LATROBE, Pa. _ A look back at what resonated from Week Three at Saint Vincent College before looking ahead to Seattle at Acrisure Stadium …
THE STANDARD IS THE STANDARD: Head coach Mike Tomlin had made what might yet come to be remembered as his "Declaration of Defense" during an interview with WDVE-FM, the flagship station on the Steelers Radio Network, on Aug. 5:
"I think it's a reasonable expectation for us to play great defense. Those are our intentions. We're not gonna be bashful about stating that as an expectation and we're not gonna run away from it. We're gonna run to it. We have the men, not only in personnel but in schematics and coaching. I expect them to be dominant."
Players reacted last Monday, specifically defensive tackle and defensive captain Cam Heyward and free safety Minkah Fitzpatrick, and let it be known they're on the same page.
But Heyward also made it clear it'll mostly be up to the players to fulfill those great expectations.
"Schematics can only take you so far," Heyward maintained. "It's up to the players to hold it down, make sure they're accountable and do what is needed. Too many times it might be 10 people right and one wrong, that hurts the defense. Coaches can only do so much. They give you the playbook, it's up to us to execute it."
EBB AND FLOW: Wednesday was representative of what's been taking place more often than not.
The offense executed back-to-back, two-minute drives for touchdowns, easily covering the required 60 yards in less than the 1:38 allotted.
Quarterbacks Mason Rudolph (4-for-4) and Kenny Pickett (2-for-2) went a combined 6-for-6 for 120 yards and two TDs in the drills.

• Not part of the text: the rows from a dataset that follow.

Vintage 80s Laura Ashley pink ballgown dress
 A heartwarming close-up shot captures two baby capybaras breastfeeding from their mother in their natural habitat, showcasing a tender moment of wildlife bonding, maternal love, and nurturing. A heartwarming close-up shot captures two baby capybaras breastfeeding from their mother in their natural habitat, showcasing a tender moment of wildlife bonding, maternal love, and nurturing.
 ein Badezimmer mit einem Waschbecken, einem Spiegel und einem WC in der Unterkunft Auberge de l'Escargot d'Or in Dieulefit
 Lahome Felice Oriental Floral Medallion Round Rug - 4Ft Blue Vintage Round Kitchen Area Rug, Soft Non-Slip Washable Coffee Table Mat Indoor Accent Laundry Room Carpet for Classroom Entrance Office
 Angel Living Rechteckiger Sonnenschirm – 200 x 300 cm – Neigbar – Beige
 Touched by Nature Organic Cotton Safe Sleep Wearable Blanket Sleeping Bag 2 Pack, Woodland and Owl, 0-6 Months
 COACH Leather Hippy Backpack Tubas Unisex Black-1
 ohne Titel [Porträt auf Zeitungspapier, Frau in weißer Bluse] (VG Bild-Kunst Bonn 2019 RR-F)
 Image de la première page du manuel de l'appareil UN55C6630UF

But prior to that quarterback Mitch Trubisky, Rudolph and Pickett had combined for just three completions on 12 attempts in a third down drill.
"It's an important part of the game," center Mason Cole noted after the latest two-minute success the offense enjoyed (2-for-2 on Wednesday, 4-for-6 overall). "We just have to focus on having that all practice.
"Right now, at least (Wednesday), we're a lot up and down. We just gotta be consistent and be good through the whole practice."
LET GEORGE DO IT: The first two-minute drive on Wednesday concluded with rookie wide receiver George Pickens and Rudolph hooking up for 37 yards to the 10-yard line, and then with Pickens tipping the ball with his left hand and then catching it with his right while coming down inbounds in the back of the end zone.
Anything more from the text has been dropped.